== Recorded information

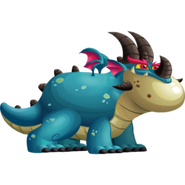 Chobby Dragon Young image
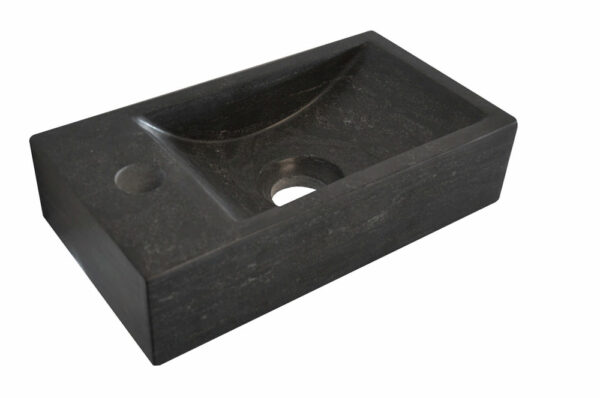 Raw fontein links 36x18x9 cm hardsteen gezoet 393505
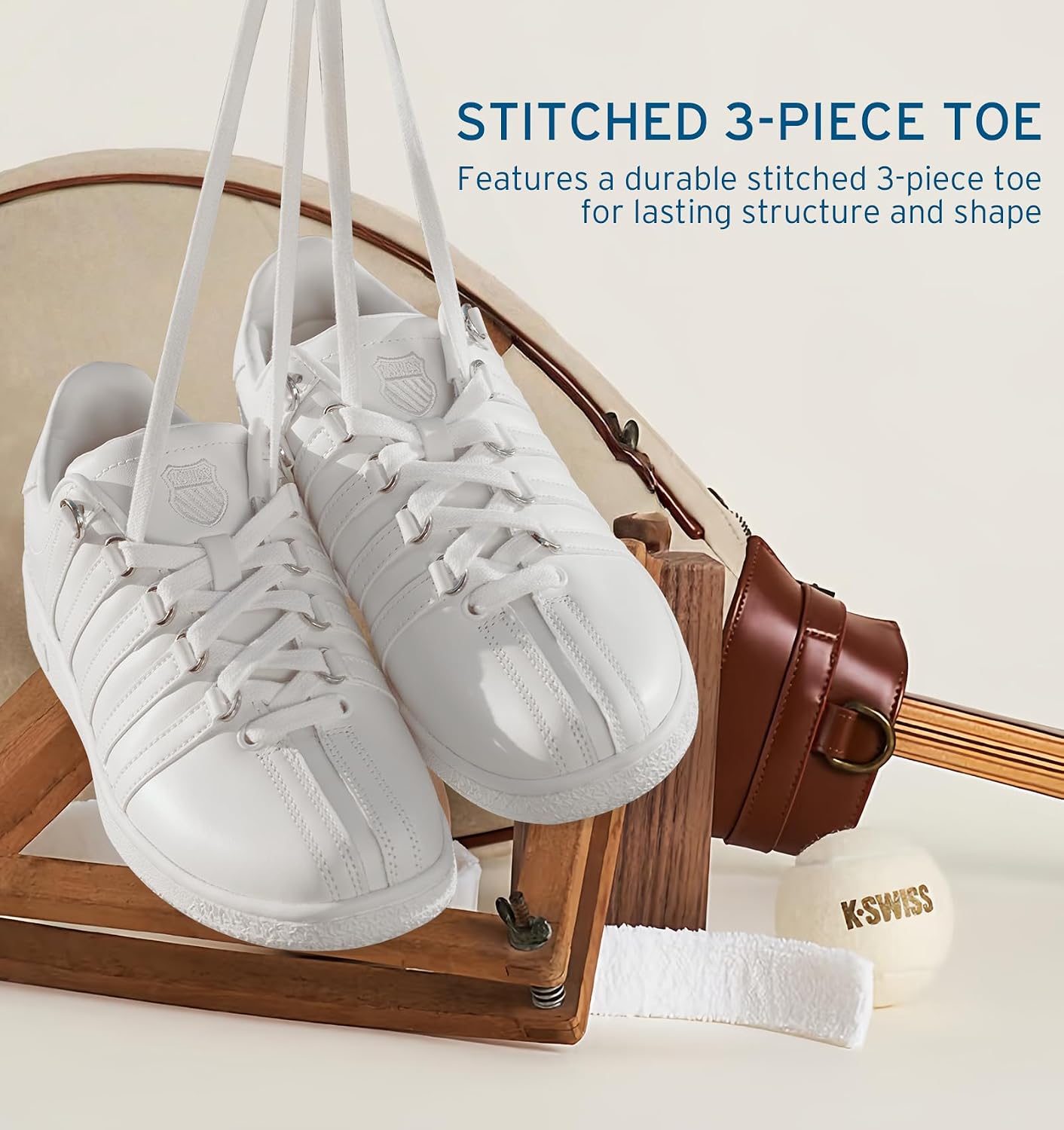 K-Swiss Women's Classic VN Leather Sneaker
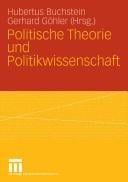 Politische Theorie und Politikwissenschaft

====

A word-for-word copy of the data above is needed, one that omits the pictures.

## Worked solution
 Chobby Dragon Young image
 Raw fontein links 36x18x9 cm hardsteen gezoet 393505
 K-Swiss Women's Classic VN Leather Sneaker
 Politische Theorie und Politikwissenschaft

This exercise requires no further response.